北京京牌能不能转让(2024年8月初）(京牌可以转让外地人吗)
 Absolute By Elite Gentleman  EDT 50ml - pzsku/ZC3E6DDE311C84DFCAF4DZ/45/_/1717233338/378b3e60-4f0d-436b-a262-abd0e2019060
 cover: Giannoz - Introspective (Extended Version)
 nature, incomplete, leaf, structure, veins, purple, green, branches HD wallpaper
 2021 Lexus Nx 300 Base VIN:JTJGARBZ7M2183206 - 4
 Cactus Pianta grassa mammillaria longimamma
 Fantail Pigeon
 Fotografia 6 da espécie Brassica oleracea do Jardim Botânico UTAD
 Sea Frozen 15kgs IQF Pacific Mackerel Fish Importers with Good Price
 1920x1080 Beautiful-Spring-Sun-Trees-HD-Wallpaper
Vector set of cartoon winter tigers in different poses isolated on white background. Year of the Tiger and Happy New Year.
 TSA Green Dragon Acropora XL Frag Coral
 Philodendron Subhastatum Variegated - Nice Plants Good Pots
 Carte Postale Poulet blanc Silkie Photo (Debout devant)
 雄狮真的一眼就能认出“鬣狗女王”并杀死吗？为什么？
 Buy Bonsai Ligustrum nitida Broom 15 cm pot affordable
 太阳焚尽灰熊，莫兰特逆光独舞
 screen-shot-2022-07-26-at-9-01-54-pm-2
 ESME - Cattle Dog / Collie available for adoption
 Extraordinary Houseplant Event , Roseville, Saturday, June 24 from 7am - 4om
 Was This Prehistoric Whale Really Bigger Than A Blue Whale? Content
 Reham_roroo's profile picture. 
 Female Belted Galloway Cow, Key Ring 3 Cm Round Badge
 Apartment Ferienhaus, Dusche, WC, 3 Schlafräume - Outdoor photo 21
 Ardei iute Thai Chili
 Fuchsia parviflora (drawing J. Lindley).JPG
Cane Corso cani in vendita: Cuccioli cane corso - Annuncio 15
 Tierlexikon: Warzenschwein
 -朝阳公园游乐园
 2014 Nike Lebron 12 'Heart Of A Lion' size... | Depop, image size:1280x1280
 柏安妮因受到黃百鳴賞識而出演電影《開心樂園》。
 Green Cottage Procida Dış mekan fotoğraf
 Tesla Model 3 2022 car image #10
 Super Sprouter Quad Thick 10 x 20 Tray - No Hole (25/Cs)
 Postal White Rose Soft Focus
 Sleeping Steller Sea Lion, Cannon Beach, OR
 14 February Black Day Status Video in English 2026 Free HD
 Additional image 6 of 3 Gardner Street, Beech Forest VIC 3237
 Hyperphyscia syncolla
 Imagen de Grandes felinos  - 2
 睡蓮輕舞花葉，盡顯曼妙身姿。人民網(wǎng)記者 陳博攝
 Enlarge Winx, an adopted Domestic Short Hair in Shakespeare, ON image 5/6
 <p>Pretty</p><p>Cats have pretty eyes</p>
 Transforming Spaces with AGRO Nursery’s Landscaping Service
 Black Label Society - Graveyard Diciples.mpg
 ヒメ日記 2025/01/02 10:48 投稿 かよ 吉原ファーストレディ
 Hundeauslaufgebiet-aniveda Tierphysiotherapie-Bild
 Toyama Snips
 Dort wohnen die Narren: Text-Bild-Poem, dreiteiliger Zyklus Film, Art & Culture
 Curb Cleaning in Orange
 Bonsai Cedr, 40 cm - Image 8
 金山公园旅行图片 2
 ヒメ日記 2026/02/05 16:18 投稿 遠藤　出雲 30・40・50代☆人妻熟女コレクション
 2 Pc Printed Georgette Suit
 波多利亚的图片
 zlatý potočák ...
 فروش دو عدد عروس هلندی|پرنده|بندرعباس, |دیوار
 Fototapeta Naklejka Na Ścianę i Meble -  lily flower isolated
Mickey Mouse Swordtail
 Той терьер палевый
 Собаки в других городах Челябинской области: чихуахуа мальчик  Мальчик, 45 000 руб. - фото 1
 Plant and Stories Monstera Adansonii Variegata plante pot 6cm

# # #

_TASK INSTRUCTIONS_. Which lines of the listing include the string "isolated"? Pull them out.

_TASK OUTPUT_.
Vector set of cartoon winter tigers in different poses isolated on white background. Year of the Tiger and Happy New Year.
 Fototapeta Naklejka Na Ścianę i Meble -  lily flower isolated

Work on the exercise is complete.